Opinião
O que me falta
São demasiados seres humanos transformados em criaturas que a todo o custo precisam de aprender a resistir e sobreviver ao que, para nós, parece impossível e impensável
Estranha forma esta, a da vida. Talvez ela não se apresente assim tão diferente do que sempre foi; talvez seja apenas a minha atenção estar agora voltada para um lado diferente; talvez, por alguma razão, me doam mais as circunstâncias, as dores dos outros, e as minhas; talvez seja tudo isso e mais alguma coisa, mas o que me chega do mundo vem em revoadas de contraditório que me causam perplexidade, e algum desconforto.
Este não é um texto inspirado, porque não obedece ao seguimento de um pensamento orientado para uma ideia, a um caminho raciocinado para chegar a uma conclusão, ou ao bom uso da imaginação para encontrar uma solução.

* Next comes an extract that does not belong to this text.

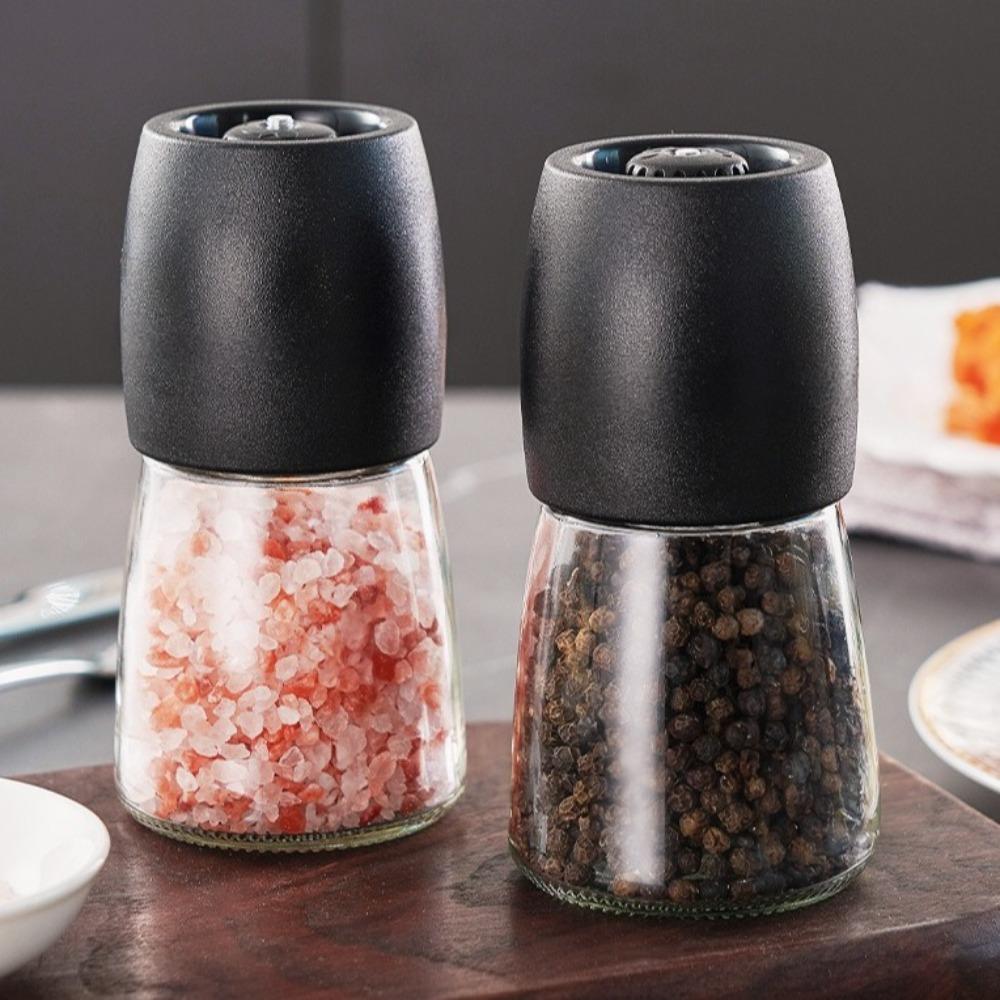 Glass Body Pepper Grinder Large Capacity Handheld Pepper Mill Mini Spice Mill Kitchen Mill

Na verdade, não sei bem o que pensar, e esta é uma simples constatação, uma assunção de perplexidade, e uma manifestação de desconforto, causadas pela forma como a vida se pode apresentar realmente estranha.
Há uma guerra na Ucrânia, tão mediatizada que já “apenas” faz parte do alinhamento das notícias; há uma guerra mais antiga, e distante, na Síria, que já quase nem faz parte do alinhamento das notícias, a não ser quando a ela se junta mais uma recente desgraça; há uma Turquia semi-destruída pela natureza, e pela incúria, onde os habitantes vagueiam por entre destroços e mortos sem que se consiga imaginar o que poderão fazer a seguir para voltar a ter uma vida; há uma guerra esquecida, no Iémen, com a pior situação humanitário do mundo; há violência no Haiti; há o inferno do Afeganistão, para quem seja do sexo feminino; há fome, violência e pobreza extremas na Etiópia, no Sudão, na Nigéria, no Líbano, em Mianmar, e no Congo.

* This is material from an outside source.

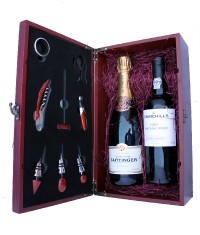 Christmas Taittinger Champagne and Churchill Vintage Port Gift Set , 2010
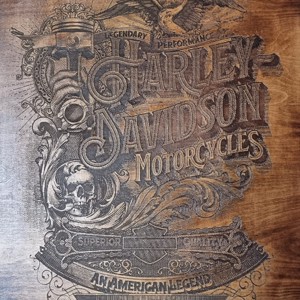 Gravare cu laser Harley Davidson, Casa & Stil de viata, Accesorii pentru decorat casa, Picturi murale, Arta de perete din lemn, , ARTYNOS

São demasiados seres humanos transformados em criaturas que a todo o custo precisam de aprender a resistir e sobreviver ao que, para nós, parece impossível e impensável. No meio de tudo isto, chega o Dia dos Namorados e o nosso mundinho fica repleto de jantares, corações, ursinhos e flores, para manifestação pública do amor. E logo a seguir o Carnaval, a agitar as gentes numa alegria, numa despreocupação e num entusiasmo, quase obrigatórios, e no faz de conta que ninguém deverá levar a mal.
Nada tenho contra todas essas manifestações, embora não pratique nenhuma delas, e menos tenho ainda contra quem as pratica com entusiasmo. Mas é o tempo em que acontecem que me deixa desconcertada, na constatação de uma dualidade absurda, de uma espécie de bipolaridade do mundo que nos obriga a saltar da visão do desespero e da destruição para a visão da folia, e da visão da guerra, do medo e do abandono para a da exibição pública e comercializada dos afectos.
O amor e a alegria serão sempre muitíssimo necessários, absolutamente imprescindíveis, mas a incongruência entre estas manifestações colectivas e a crua realidade, tão lado a lado, mas tão impossíveis de coexistir, provoca-me tristeza e alguma irritação, confesso. Falta-me poder não pensar no abismo imposto a tantos.
Hoje, li de Manoel de Barros, poeta brasileiro, que “tem mais presença em mim o que me falta”. É isso, com certeza.